Kenya creates a stir by lowering the age of imported buses and vehicles.
Long-distance carriers have criticized the Kenyan government’s decision to prohibit the import of used buses and trucks older than three years from production, claiming that it violates the East African region’s transport protocol, which requires consistency of norms and legislation.
According to transporters and truck owners, the new regulation would offer carriers from other East African nations an advantage in the market since Kenyans cannot afford to acquire new buses and trucks.
The organization also alleged that decreasing the age restriction from eight to three is another effort by the government to compel the adoption of the Standard Gauge Railway since it would increase the cost of long-distance vehicles.
According to Salim Karama, a transporter, the new Kenya Bureau of Standards (Kebs) regulation would encourage more enterprises to relocate to other East African nations where similar laws do not apply.
“The government’s decision to prohibit the importation of trucks older than three years beginning July 1 would make vehicles more costly and prohibitive to many carriers, forcing them to shut shop or go to countries where such regulations do not apply,” said Karama.

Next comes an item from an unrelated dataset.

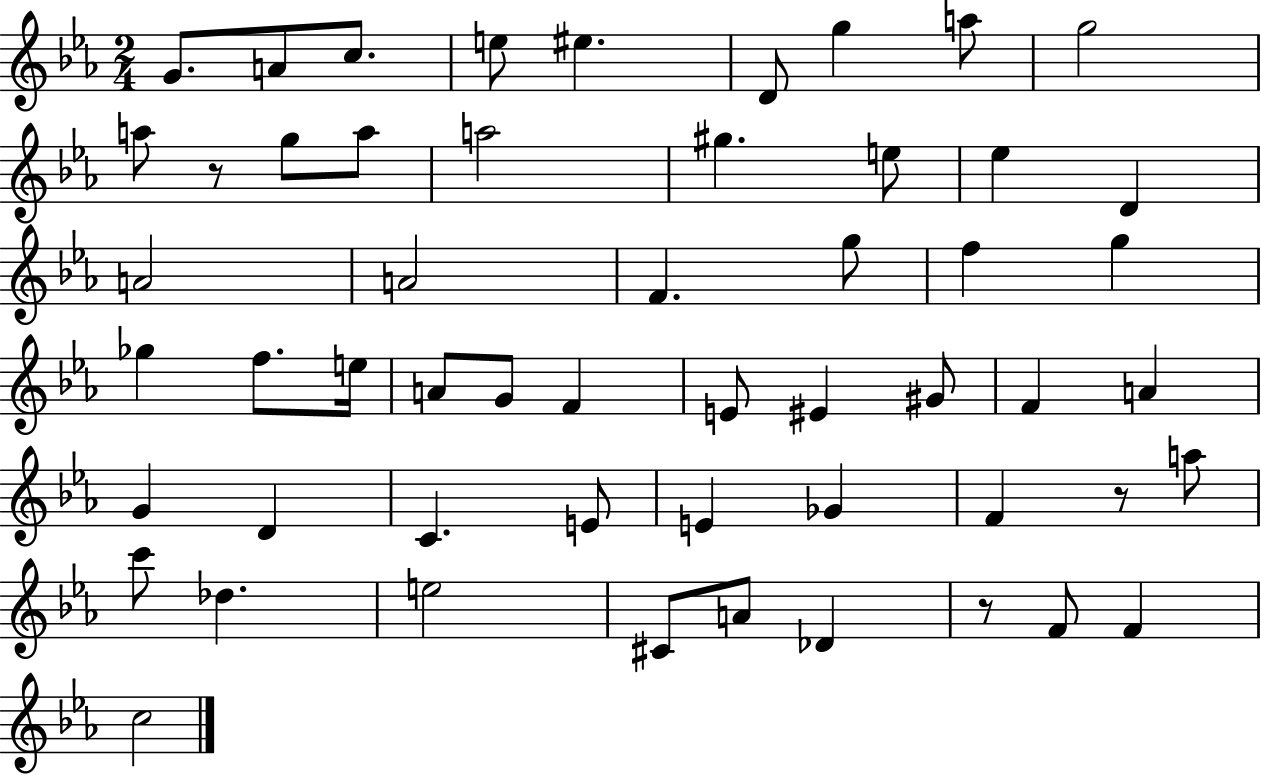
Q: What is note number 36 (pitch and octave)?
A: D4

Dennis Ombok, former Executive Director of the Kenya Transporters Association, criticized the government for implementing such a policy without consulting essential stakeholders such as transporters.
“It is not the goal to reduce the age restriction for long-distance trucks from eight to three years while the age limit for all other vehicles remains eight years.” “The decision is arbitrary,” Ombok said.

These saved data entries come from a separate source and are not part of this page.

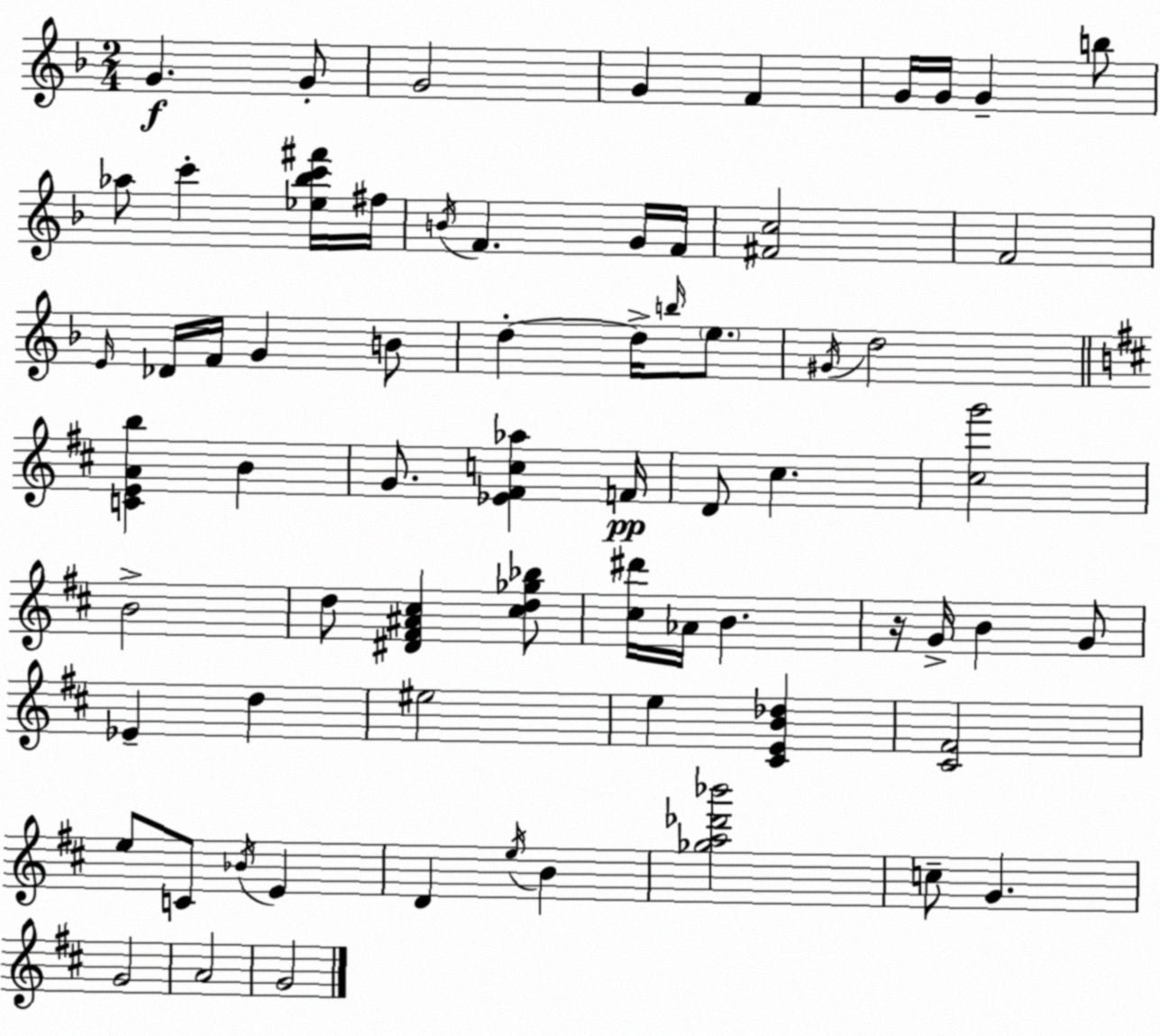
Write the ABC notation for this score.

X:1
T:Untitled
M:2/4
L:1/4
K:Dm
G G/2 G2 G F G/4 G/4 G b/2 _a/2 c' [_e_bc'^f']/4 ^f/4 B/4 F G/4 F/4 [^Fc]2 F2 E/4 _D/4 F/4 G B/2 d d/4 b/4 e/2 ^G/4 d2 [CEAb] B G/2 [_E^Fc_a] F/4 D/2 ^c [^cg']2 B2 d/2 [^D^F^A^c] [^cd_g_b]/2 [^c^d']/4 _A/4 B z/4 G/4 B G/2 _E d ^e2 e [^CEB_d] [^C^F]2 e/2 C/2 _B/4 E D e/4 B [_ga_d'_b']2 c/2 G G2 A2 G2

“The unilateral decision violates the East African convention for the transport sector, where consistency of norms and legislation is required,” he noted, “yet we will have Ugandan and Tanzanian enterprises importing vehicles that will ply our roads utilizing existing standards.”
Kebs said last week that it would prohibit the entry of such buses and vehicles into the nation starting July 1 of this year.

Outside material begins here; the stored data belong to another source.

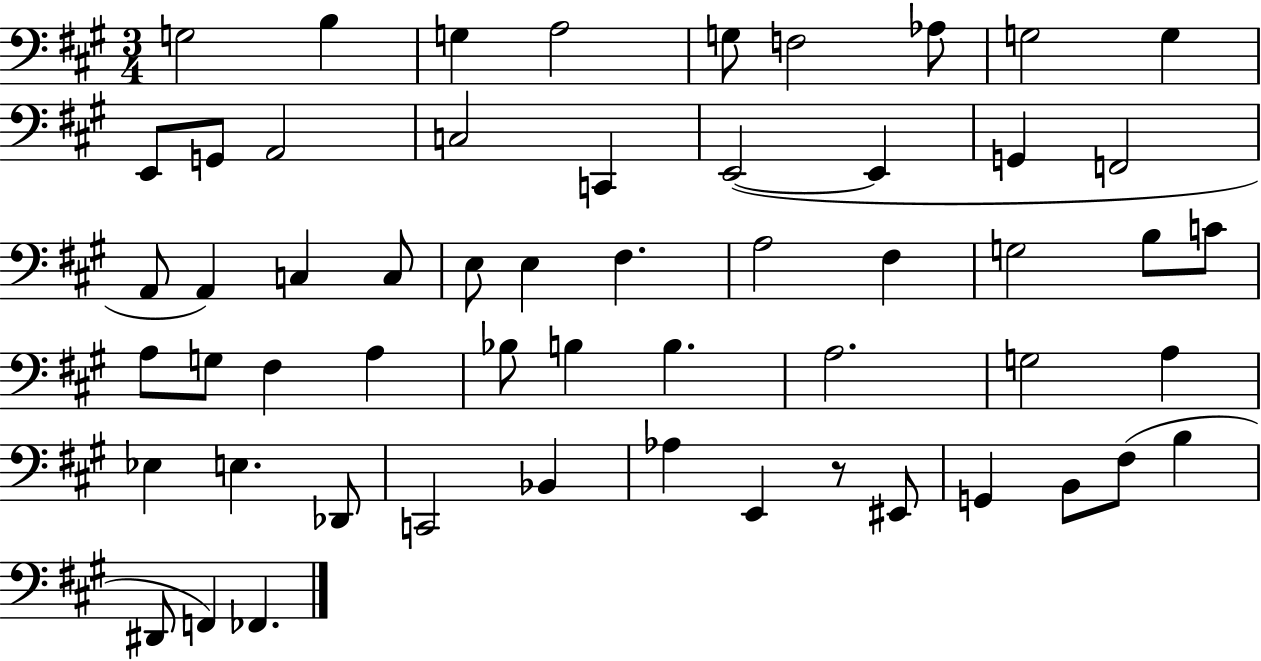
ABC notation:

X:1
T:Untitled
M:3/4
L:1/4
K:A
G,2 B, G, A,2 G,/2 F,2 _A,/2 G,2 G, E,,/2 G,,/2 A,,2 C,2 C,, E,,2 E,, G,, F,,2 A,,/2 A,, C, C,/2 E,/2 E, ^F, A,2 ^F, G,2 B,/2 C/2 A,/2 G,/2 ^F, A, _B,/2 B, B, A,2 G,2 A, _E, E, _D,,/2 C,,2 _B,, _A, E,, z/2 ^E,,/2 G,, B,,/2 ^F,/2 B, ^D,,/2 F,, _F,,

The decision may cause problems for used car sellers, but it will benefit the local auto assembly business.
“Kebs wishes to inform all stakeholders, and the general public that, effective July 1, 2022, all used passenger minibusses, minibusses, large buses, single articulated and bi-articulated business and double-decker buses shall not be allowed for importation into the country,” said Kebs in a statement Friday.
“All used rigid vehicles with Gross Value Mass (GVM) equal to or more than 3.5 tonnes and up to 30 tonnes should not be authorized for importation into the nation,” Kebs stated.
On the other hand, the standard regulating authority granted second-hand tractor heads and prime movers less than three years old a grace period of up to June 30 next year, after which they would be prohibited, and only new equipment may be imported into the nation.
“Kebs has granted a grace period of June 30 next year to second-hand tractor heads and prime movers not older than three years. They will be prohibited, and only new equipment may be brought into the nation,” stated part of the notification.
However, the standards body said that tiny vans – or microbuses – with a length of up to seven meters and other non-commercial vehicles such as saloons and SUV cars would be permitted to be imported as long as possible they were no older than eight years.